Osons à ce propos un petit détour pratique par l’actualité littéraire française, et notamment un des grands succès du moment, Les Enfants sont rois de Delphine de Vigan, qui met en scène une mère de famille fascinée par la téléréalité, et qui, sans malveillance apparente, met ses propres enfants au service d’une entreprise lucrative consistant à les exposer tous les jours sur les réseaux sociaux.

Le roman ouvre sur une évocation de Loft Story, et notamment sur Loana, une des candidates dont l’ascension et la déchéance font toujours les choux gras de la presse people, et dont la figure dans toute son ambiguïté évoque à bien des égards celle de La Veneno. Delphine de Vigan décrivant la fascination pour la téléréalité en fait la source d’une tendance à l’exhibition dont elle accable littéralement Marion, son héroïne. Le conte est moral, et bien vite la sanction s’abat sur le personnage et à travers lui, sur une forme télévisée puis numérique, celle de l’exposition outrée de soi.
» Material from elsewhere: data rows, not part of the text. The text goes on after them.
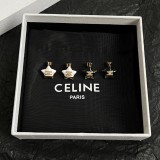 セリーヌピアス CELINE 2025新作 ピアス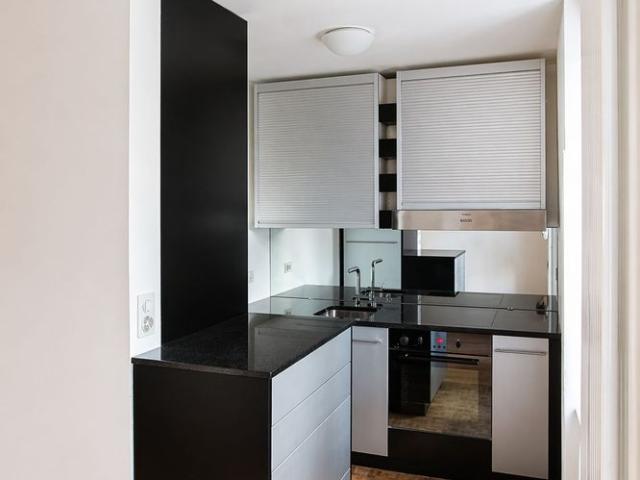 4 Zimmer, 115 m², 3. Stock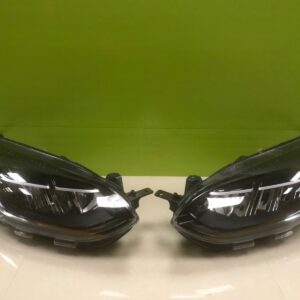 Ford fiesta 2022-genuine pair full led Headlights b479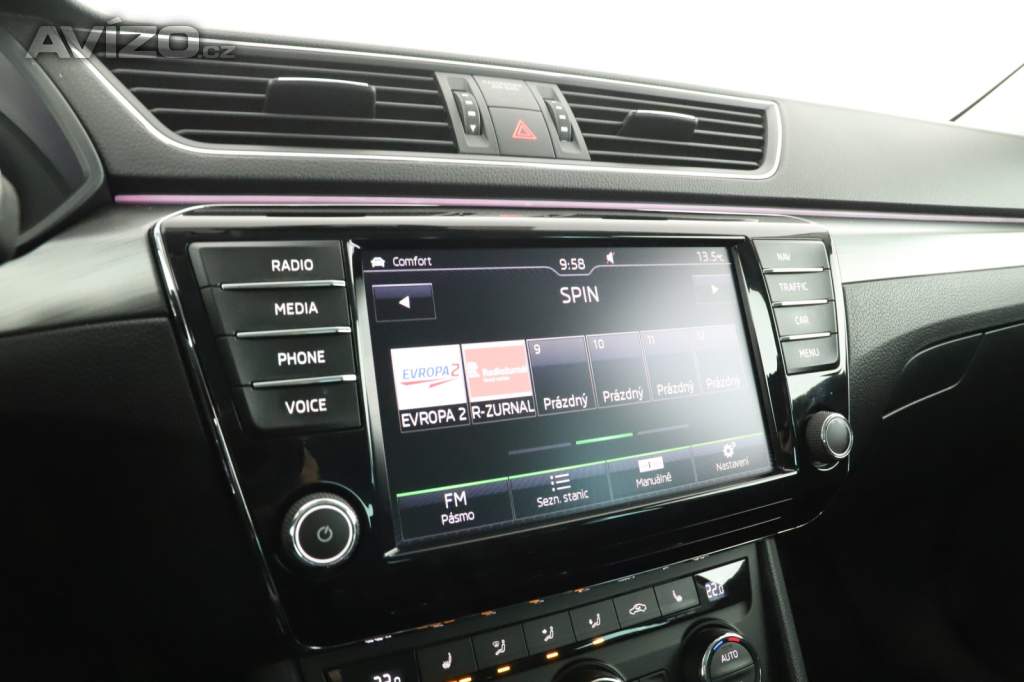 Foto inzerátu Skoda Superb 2.0 TDI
La malhonnêteté du roman, c’est qu’il fait mine d’ignorer sa propre forme, celle de la fiction romanesque : une forme certainement pas neutre lorsqu’elle accueille en son sein la question de l’authenticité et de l’invention de soi. Marion met sa vie en fiction ; la fiction regarde la fiction ; il y a là une mise en abyme que le roman de Delphine de Vigan méconnaît. Au lieu d’accepter la contradiction et la diversité des points de vue, le discours omniscient de son narrateur tente de coller à tout prix à une morale sociale qui sanctionne ses personnages, et les étouffe en les déshumanisant tout à fait. Dans le fond, Marion est moins la victime de la téléréalité, dont on a bien compris ce qu’il fallait en penser, que du roman lui-même, qui la sacrifie entièrement à un système foncièrement vulgaire et mauvais.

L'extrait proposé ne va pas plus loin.